### Work to complete
Starting at the line that contains "Bir Bankada Gezginlerle" and stopping at the line that contains "Koń, klacz zimnokrwista FirmyBiznesu.pl", restate each line of the records below exactly. Omit the pictures.

### The input
== Segment start ==
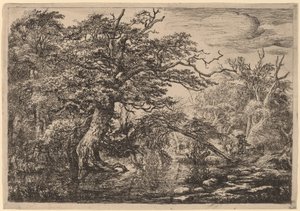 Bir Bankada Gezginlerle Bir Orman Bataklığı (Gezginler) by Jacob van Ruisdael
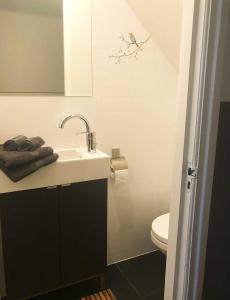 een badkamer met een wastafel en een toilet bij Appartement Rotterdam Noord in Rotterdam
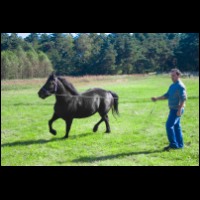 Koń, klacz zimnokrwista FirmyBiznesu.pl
== Segment end ==
== Segment start ==
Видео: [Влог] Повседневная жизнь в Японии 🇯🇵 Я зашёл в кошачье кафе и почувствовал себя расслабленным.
== Segment end ==
== Segment start ==
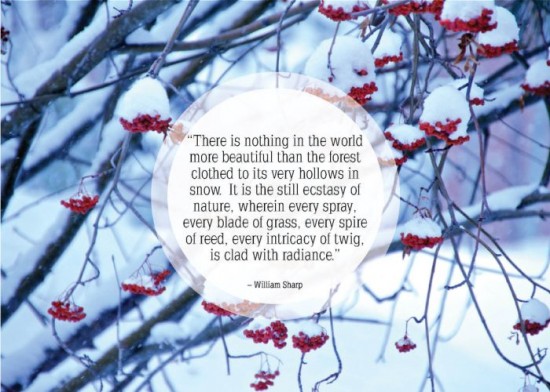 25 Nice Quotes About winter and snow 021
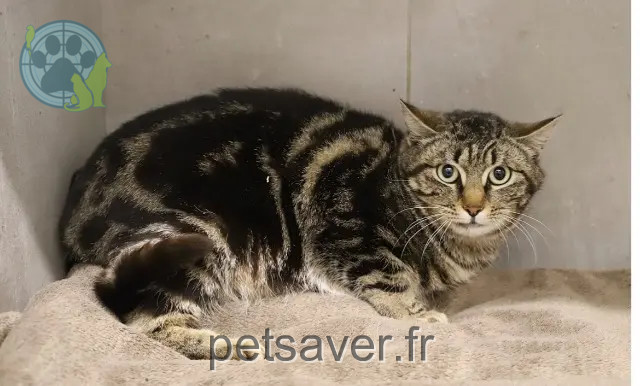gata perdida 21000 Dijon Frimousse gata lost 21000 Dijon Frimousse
== Segment end ==
### Response to the task
 Bir Bankada Gezginlerle Bir Orman Bataklığı (Gezginler) by Jacob van Ruisdael
 een badkamer met een wastafel en een toilet bij Appartement Rotterdam Noord in Rotterdam
 Koń, klacz zimnokrwista FirmyBiznesu.pl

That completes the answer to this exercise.